During the early 20th century, Chilkat blankets were interred in graves, cut into pieces and distributed to mourners, or taken from the community into museums or private collections. Designs became limited, possibly due to a dwindling number of painted pattern boards from which to copy. It fell upon weavers to generate new designs, which became simplified as weavers decreased in numbers. Of these few remaining weavers, Jennie Thlunaut, "the longest-lived member of their fraternity ... , had absorbed sufficient knowledge of the formline tradition ... to keep a large measure of the design structure intact" in her original Chilkat designs.

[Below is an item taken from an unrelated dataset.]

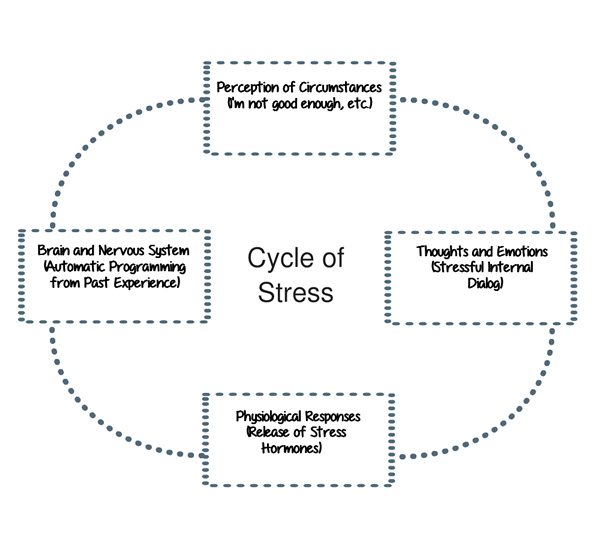 How Negative SelfTalk Sabotages Your Health & Happiness BrainSpeak®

Jennie tirelessly kept alive a traditional art form during a time when cultural interest in the traditional arts nearly died out, and many young artists of a new generation have learned from Jennie Thlunaut the traditional art of Chilkat weaving. Many of the traditional and cultural arts of the Northwest coastal regions are experiencing a revival, and Jennie Thlunaut has been a seed carrier of knowledge to the younger generations.

"Jennie amazed us with her speed at weaving..." said contemporary Chilkat weaver Clarissa Hudson, "Her fingers seemed to fly through the warp, and she didn't even used a pattern." Biographers Rosita Worl and Charles Smythe wrote, "She will be remembered as one of the most eminent and celebrated weavers of Tlingit ceremonial robes."